Silicon Valley Bank (SVB) was not only a regional bank, but also a unique bank. It was dedicated to offering services to venture capital companies and in particular to those related to cryptocurrencies and other financial innovations. It was characterised by holding large deposits and using them to buy government bonds. More than 90% of the deposits exceeded $250,000, the limit of the deposit guarantee in the United States.
As interest rates have risen, the market value of government bonds held by banks has plummeted. Long gone are the days when government bonds were considered a risk-free asset. In the case of SVB, in the face of losses incurred by the hasty sale of part of this portfolio and the subsequent failure to recapitalise the bank, mistrust spread among large depositors, leading to a flight of deposits. In a couple of days, 42 billion dollars were withdrawn. A problem of liquidity and insolence, because in banking liquidity and solvency are communicating vessels. Faced with these events, the FDIC, the authority in charge of managing banking crises in the United States, decided to intervene. It created a good bank and guaranteed deposits up to the legal coverage. But political pressures and the deterioration of other regional banks led to classify the SVB’s crisis as a «systemic risk», which enabled it to extend coverage to all deposits and to add a discount line for the Debt in its portfolio for its nominal value in the amount of 25 billion dollars. A controversial decision, as this overreaction points to the weakness of the banking system and increases distrust. In order to manage SVB’s crisis, it would have been sufficient to have provided access to the necessary liquidity to overcome its temporary liquidity problems. A solvent bank must have open recourse to central bank liquidity. The Debt discount facility that was approved ex post, after the crisis was declared systemic, could have been activated earlier, when the first liquidity problems or the inability to capitalise through the market were detected. This simple financial assistance would have calmed depositors and avoided activating the deposit guarantee.
There is a double negligence at the root of this crisis. The negligence of SVB’s managers, who failed to manage the risk of rising interest rates on their debt portfolio, and the negligence of the major depositors, private equity firms in the financial innovation environment, who were unable or unwilling to manage their liquidity. The bank could have simply contracted derivatives or diversified its portfolio to manage the risk generated by interest rate rises. In turn, large depositors could have spread their deposits among different banks or taken out money market securities to manage their liquidity. There is also a cultural problem. The protagonists in this story have an innovative, alternative spirit, they want to set themselves above traditional banking. They consider themselves untouchable. They enjoy political favour. But they are incoherent. Being enthusiasts of the crypto world, detractors of central banks, declared enemies of regulation, they have not hesitated, faced with the risk of losing their large deposits, to ask for a bailout by those authorities they have been criticising. Giving in to these unjustified requests, as we are not dealing with small savers but with risk entrepreneurs with resources and decision-making capacity, the Treasury, the Federal Reserve, and the FDIC decided to rescue them, even if to do so they had to overreact by turning the crisis of a regional bank that nobody knew about into a problem of global systemic risk.

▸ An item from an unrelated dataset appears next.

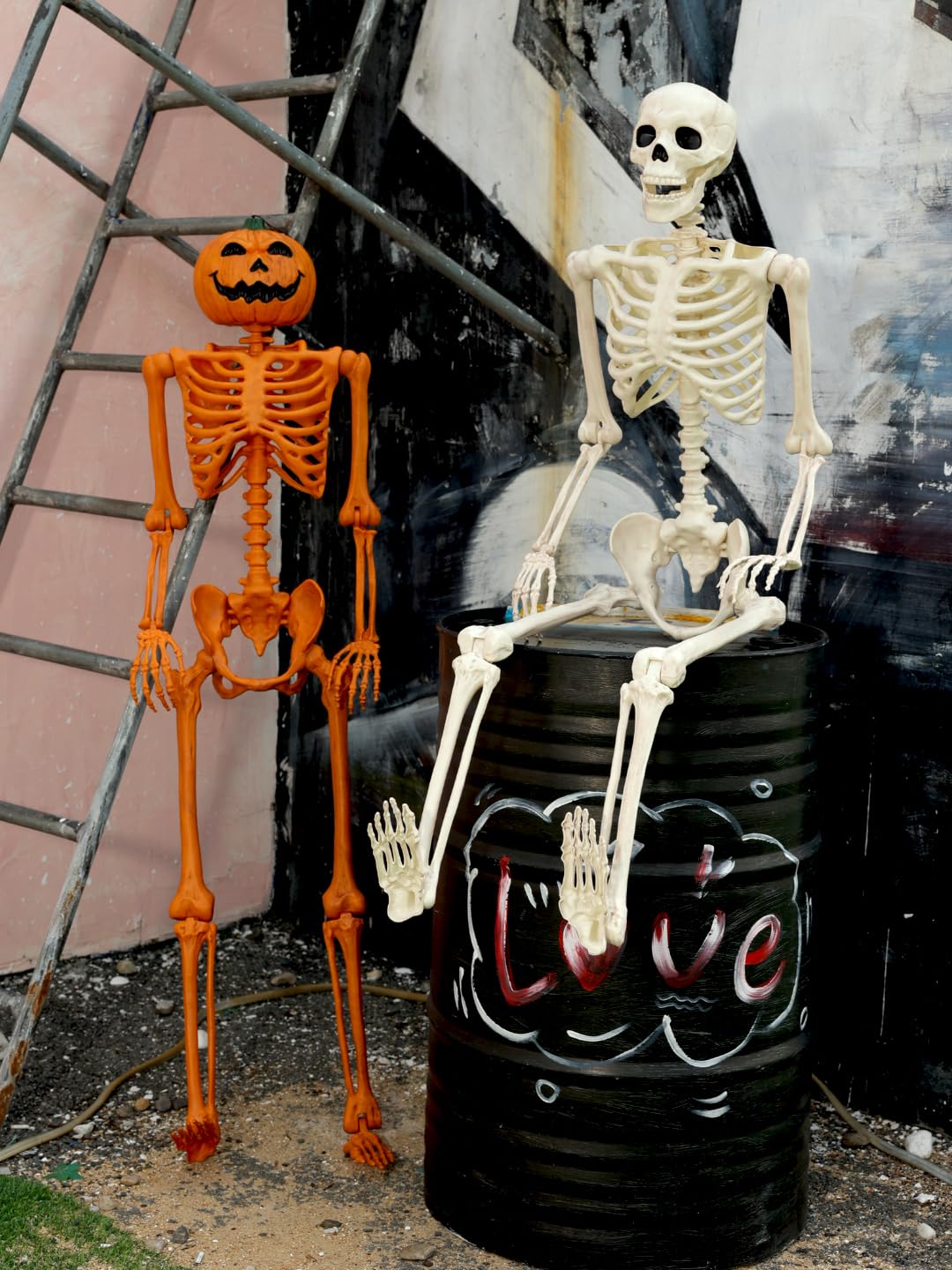 5FT Life Size Posable Skeleton V358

Pandora’s box had been opened. Analysts began to study the bank’s balance sheet and its problems with public debt. They extrapolated SVB’s problem to the regional banking sector as a whole, without distinguishing between business models, and put the losses that banks could assume in the event of a hasty sale of this portfolio at more than 600 billion. A risk that is also present on the balance sheet of European banks, hence the contagion, with falls in share prices. In this context of a systemically important banking crisis, it is always the weakest who bears the brunt. The focus is on those who have problems that they have not been able to overcome. On those who are unable to recapitalise. Credit Suisse has been the chosen one.